Caracas: i 150 anni dell’Italia Unita — Lombardi nel Mondo

Caracas: i 150 anni dell’Italia Unita

Un’opera d’arte vivente sul tema del Risorgimento italiano. Così i ragazzi dell’Istituto italiano Agustin Codazzi di Caracas hanno contribuito martedì scorso alle celebrazioni per i 150 anni dell’unità d’Italia. Ne dà notizia la Voce d’Italia, in un articolo di Monica Vistali

Caracas: Un’opera d’arte vivente sul tema del Risorgimento italiano. Così i ragazzi dell’Istituto italiano Agustin Codazzi di Caracas hanno contribuito martedì scorso alle celebrazioni per i 150 anni dell’unità d’Italia.

 

 

 

Ne dà notizia la Voce d’Italia, nell’edizione di ieri, in un articolo di Monica Vistali.

 

“Sul palcoscenico della scuola si sono alternati gli studenti del liceo che, da dilettanti con talento, come spiega Eleonora Vaccaro, responsabile amministrativa, hanno reso il loro omaggio all’Unità italiana.

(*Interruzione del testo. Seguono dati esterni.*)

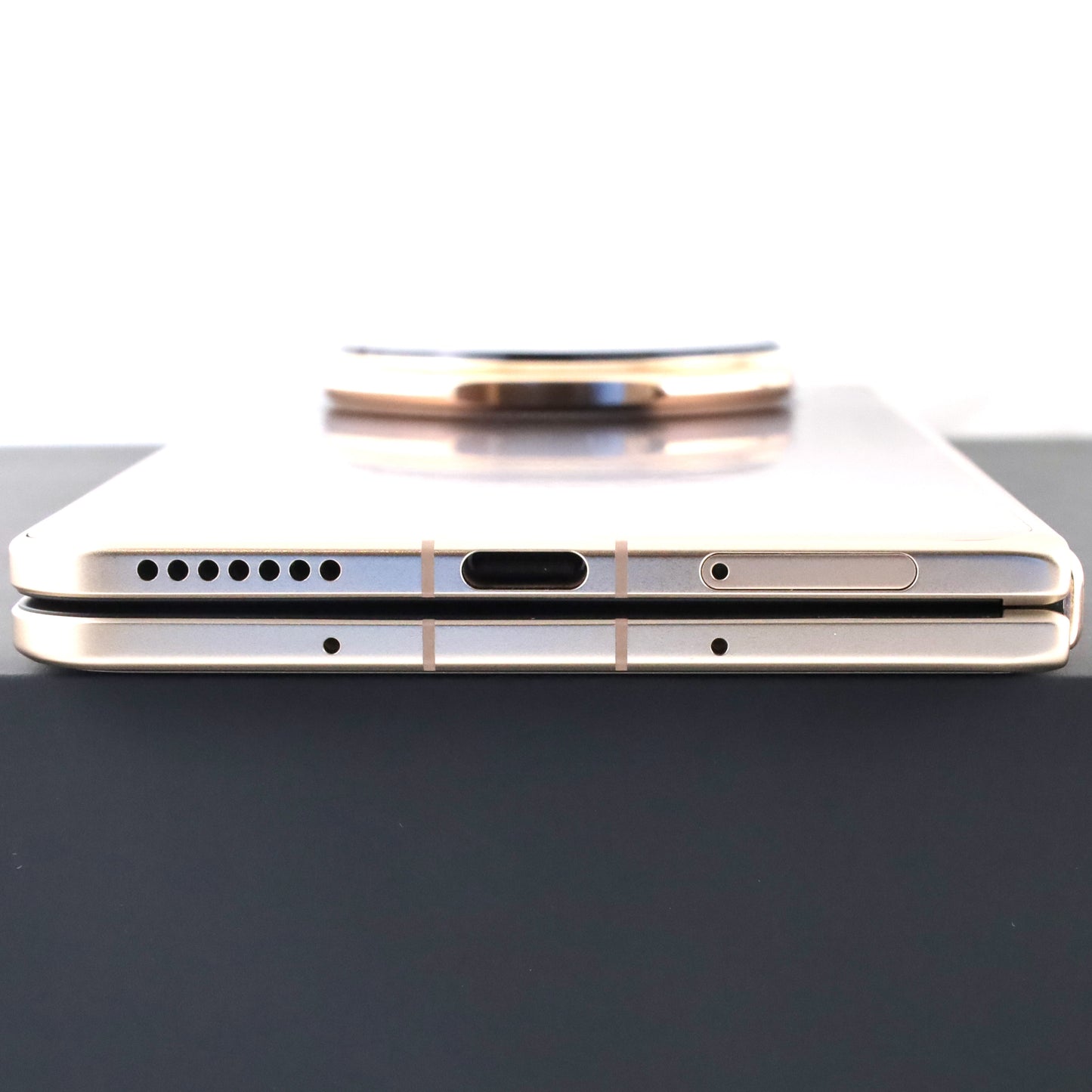 C+ランク HONOR Magic V5 16/512GB DawnGold MBH-N49 グローバル版【30日保証】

Al sottofondo del Va pensiero e dell’inno di Mameli, alcuni hanno interpretato Giuseppe e Anita Garibaldi come statue viventi, un ragazzo vestito a tutto punto da garibaldino ha recitato i versi della poesia “La spigolatrice di Sapri”, una delle migliori testimonianze della poesia patriottica risorgimentale composta da Luigi Mercantini nel 1857, che narra la sfortunata spedizione di Carlo Pisacane nel Regno delle Due Sicilie.

 

I ragazzi in scena sono stati preparati dalla professoressa di arte del liceo, Maria Vittori, dalla Vicepreside e dal Preside dell’Istituto.

 

Al termine della rappresentazione, cui ha assistito “commossa”, come racconta Vaccaro, anche la Direttrice dell’Istituto Italiano di Cultura, Luigina Peddi, è stato consegnato il nuovo “Codazzino”, il giornale scolastico pubblicato, a cadenza annuale, dai ragazzi del liceo. Quest’anno il giornalino è stato completamente dedicato all’unità d’Italia e conteneva una piccola inchiesta realizzata dai ragazzi sul significato della parola “Italia”: i giovani giornalisti hanno chiesto all’ambasciatore italiano, al responsabile dell’Ufficio Scuole del Consolato e ad alcuni professori di definire la loro visione del Belpaese in poche parole e hanno riunito le dichiarazioni in una simpatica rubrica”.